Meanwhile, New Mexico could go from having a 3-2 GOP majority in the Congressional delegation to being entirely represented in Congress by Democrats. With Sen. Pete Domenici’s (R) retirement, Rep. Tom Udall (D) is favored to win his seat. Democrats also appear poised to win the two open House seats left vacant by Reps. Heather Wilson (R) and Steve Pearce (R), who is facing off against Udall today.

New Mexico Gov. Bill Richardson (D) is term-limited and can’t seek re-election in 2010. Democrats control both the state House and Senate, making next cycle’s gubernatorial race a top priority in terms of the party’s redistricting strategy.
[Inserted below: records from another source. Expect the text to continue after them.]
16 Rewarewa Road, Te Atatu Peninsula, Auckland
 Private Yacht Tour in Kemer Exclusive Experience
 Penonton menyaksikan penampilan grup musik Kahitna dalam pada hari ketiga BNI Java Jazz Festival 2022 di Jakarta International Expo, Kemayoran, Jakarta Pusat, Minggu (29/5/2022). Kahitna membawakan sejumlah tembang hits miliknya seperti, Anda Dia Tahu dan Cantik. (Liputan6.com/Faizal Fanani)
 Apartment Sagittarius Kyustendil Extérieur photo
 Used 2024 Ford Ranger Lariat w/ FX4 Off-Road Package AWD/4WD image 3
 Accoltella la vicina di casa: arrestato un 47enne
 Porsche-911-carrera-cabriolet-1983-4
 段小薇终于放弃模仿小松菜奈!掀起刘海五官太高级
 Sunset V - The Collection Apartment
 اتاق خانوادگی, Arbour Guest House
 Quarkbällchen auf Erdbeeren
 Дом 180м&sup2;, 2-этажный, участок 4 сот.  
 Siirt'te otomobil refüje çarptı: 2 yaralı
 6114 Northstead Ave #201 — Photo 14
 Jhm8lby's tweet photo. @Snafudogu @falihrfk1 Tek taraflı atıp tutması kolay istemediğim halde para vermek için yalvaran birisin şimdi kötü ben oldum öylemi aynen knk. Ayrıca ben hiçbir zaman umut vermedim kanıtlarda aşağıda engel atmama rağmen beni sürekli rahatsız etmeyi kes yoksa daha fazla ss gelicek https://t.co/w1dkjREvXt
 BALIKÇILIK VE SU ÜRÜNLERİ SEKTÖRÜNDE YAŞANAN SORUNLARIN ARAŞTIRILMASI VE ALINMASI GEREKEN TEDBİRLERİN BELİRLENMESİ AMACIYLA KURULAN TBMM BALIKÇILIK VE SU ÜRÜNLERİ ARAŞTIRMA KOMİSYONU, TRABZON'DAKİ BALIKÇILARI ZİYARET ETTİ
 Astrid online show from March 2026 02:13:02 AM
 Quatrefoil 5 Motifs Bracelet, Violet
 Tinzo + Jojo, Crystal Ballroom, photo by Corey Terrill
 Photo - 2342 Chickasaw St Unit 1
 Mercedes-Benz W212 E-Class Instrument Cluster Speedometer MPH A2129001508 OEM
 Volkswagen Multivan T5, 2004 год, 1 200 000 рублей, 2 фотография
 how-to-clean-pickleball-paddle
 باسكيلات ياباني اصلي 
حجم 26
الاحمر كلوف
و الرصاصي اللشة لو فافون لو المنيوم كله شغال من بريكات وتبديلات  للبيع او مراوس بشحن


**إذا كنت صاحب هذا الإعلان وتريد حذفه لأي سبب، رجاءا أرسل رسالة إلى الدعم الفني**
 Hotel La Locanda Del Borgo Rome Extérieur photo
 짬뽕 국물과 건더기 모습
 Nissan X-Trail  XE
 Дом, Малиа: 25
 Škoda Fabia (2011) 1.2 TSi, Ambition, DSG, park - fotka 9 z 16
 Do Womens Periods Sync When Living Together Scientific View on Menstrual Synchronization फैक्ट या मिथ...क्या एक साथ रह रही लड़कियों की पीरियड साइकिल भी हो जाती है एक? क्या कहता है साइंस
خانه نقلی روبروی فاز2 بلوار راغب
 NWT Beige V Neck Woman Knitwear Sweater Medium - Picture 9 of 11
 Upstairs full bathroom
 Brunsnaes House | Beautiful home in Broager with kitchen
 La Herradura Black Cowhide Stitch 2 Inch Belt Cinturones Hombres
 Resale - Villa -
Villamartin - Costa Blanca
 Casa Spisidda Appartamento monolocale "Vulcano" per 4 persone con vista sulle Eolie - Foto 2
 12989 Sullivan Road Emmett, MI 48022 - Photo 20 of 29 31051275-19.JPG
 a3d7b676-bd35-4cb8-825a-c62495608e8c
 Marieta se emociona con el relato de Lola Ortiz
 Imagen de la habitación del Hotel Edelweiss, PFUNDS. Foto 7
While today’s Congressional results will no doubt be a factor as party strategists look ahead to reapportionment and redistricting in the 2012 cycle, the outcome of the presidential election will also have a big impact.

Campaign strategists who follow the redistricting process closely note that if Obama is victorious today, it will be the first time since 1960 — but more importantly the first time since passage of civil rights rights legislation in the mid-1960s — that a Democratic administration will be in power during a Census and redistricting process. That means a Democratic-appointed attorney general and Justice Department, whose Civil Rights Division is responsible for approving the new legislative maps of 16 states under the Voting Rights Act, will oversee the process.